EXERCISE GOAL:
Given the entries that follow, write out exactly the lines starting at the one containing "WWII German soldier's" and ending at the one containing "Seabrook Crinkle Cut", both ends included, and only those.

RECORD EXTRACTS:
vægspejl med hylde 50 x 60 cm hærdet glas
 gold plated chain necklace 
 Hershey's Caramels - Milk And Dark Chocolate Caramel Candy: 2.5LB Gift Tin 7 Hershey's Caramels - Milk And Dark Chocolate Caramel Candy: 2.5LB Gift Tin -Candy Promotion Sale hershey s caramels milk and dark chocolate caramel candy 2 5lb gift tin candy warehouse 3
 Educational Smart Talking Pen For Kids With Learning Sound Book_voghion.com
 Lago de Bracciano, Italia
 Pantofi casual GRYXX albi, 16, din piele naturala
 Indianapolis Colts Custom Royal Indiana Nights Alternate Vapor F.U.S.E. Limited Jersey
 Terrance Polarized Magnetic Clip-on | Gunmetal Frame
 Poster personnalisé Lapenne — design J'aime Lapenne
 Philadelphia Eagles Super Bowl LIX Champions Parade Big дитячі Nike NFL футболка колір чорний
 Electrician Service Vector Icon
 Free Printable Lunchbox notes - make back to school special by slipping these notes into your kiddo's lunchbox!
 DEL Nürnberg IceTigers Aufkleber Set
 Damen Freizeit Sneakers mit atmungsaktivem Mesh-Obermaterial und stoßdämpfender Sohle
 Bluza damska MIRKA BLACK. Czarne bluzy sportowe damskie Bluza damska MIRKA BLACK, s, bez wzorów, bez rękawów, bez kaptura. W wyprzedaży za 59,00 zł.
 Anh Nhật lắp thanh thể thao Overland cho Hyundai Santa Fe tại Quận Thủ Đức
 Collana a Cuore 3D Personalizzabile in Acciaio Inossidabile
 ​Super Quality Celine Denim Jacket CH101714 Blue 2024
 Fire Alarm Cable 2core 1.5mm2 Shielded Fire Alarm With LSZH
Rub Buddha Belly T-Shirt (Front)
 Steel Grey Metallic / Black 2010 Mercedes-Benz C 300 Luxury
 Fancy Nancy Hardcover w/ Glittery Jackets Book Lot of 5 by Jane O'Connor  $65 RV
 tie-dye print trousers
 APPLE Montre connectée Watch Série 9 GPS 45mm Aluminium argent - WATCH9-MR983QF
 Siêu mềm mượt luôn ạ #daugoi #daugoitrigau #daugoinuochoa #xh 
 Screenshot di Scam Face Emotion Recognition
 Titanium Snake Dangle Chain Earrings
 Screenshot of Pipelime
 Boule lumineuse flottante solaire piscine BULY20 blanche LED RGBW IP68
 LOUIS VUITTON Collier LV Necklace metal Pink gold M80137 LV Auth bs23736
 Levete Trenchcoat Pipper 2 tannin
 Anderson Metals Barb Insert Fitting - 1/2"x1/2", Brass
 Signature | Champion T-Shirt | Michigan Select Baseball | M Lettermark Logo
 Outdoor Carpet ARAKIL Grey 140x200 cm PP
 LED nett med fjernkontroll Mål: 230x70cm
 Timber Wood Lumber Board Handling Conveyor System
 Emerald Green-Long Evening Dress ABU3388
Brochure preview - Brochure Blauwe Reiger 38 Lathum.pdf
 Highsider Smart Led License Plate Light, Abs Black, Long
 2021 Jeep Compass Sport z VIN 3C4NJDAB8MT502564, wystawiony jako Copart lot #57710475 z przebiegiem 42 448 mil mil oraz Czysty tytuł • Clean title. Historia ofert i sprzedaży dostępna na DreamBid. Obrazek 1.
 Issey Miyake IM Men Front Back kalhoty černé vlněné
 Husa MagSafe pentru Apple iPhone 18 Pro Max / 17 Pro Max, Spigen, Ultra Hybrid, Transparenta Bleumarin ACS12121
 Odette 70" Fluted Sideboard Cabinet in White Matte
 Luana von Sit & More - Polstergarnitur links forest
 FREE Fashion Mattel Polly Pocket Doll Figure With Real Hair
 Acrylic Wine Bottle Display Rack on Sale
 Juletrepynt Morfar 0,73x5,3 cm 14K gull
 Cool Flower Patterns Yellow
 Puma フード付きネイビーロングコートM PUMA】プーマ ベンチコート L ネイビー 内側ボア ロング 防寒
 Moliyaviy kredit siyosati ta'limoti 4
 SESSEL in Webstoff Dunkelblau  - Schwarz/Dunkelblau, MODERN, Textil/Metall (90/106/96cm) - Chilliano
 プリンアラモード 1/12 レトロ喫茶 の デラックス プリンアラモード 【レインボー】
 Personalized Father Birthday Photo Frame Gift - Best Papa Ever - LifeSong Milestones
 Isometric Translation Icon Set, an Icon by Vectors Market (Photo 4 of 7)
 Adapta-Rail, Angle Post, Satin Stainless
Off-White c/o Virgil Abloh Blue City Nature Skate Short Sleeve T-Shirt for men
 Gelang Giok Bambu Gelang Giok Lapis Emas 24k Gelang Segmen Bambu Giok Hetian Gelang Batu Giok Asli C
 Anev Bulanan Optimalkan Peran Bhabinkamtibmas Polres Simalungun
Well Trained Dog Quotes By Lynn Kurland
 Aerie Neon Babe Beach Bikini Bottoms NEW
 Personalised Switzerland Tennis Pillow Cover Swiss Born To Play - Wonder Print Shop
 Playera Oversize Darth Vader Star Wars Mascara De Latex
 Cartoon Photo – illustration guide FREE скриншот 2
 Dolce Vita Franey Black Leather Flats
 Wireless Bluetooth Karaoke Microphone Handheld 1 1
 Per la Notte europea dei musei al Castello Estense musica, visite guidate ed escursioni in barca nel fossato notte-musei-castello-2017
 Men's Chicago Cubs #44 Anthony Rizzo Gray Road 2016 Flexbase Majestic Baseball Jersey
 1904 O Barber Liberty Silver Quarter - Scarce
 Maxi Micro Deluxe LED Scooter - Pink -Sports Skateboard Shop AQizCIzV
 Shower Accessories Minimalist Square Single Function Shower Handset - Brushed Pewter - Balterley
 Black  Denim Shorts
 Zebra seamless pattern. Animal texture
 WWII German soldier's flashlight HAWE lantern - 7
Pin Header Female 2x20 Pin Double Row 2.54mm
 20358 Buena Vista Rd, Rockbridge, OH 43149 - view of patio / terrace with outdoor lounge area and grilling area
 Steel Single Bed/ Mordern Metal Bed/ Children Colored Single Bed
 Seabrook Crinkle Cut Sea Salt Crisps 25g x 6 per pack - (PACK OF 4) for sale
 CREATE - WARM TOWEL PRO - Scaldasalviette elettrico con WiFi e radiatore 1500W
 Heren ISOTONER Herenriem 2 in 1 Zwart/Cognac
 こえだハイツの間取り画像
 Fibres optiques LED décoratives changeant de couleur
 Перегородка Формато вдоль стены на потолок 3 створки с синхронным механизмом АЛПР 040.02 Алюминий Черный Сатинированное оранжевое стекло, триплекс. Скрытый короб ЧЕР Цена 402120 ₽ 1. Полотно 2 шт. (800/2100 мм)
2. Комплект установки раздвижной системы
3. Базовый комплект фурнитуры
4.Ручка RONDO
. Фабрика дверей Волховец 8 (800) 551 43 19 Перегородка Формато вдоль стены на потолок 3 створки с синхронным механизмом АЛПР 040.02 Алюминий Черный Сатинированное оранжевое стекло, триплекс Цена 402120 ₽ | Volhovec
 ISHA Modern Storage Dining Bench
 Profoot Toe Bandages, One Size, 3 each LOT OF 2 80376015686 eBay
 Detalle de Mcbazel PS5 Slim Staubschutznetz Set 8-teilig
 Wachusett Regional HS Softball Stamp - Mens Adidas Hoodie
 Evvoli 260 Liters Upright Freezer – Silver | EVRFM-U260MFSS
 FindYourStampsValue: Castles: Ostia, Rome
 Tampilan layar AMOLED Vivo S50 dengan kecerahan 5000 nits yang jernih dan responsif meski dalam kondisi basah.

TASK OUTPUT:
 WWII German soldier's flashlight HAWE lantern - 7
Pin Header Female 2x20 Pin Double Row 2.54mm
 20358 Buena Vista Rd, Rockbridge, OH 43149 - view of patio / terrace with outdoor lounge area and grilling area
 Steel Single Bed/ Mordern Metal Bed/ Children Colored Single Bed
 Seabrook Crinkle Cut Sea Salt Crisps 25g x 6 per pack - (PACK OF 4) for sale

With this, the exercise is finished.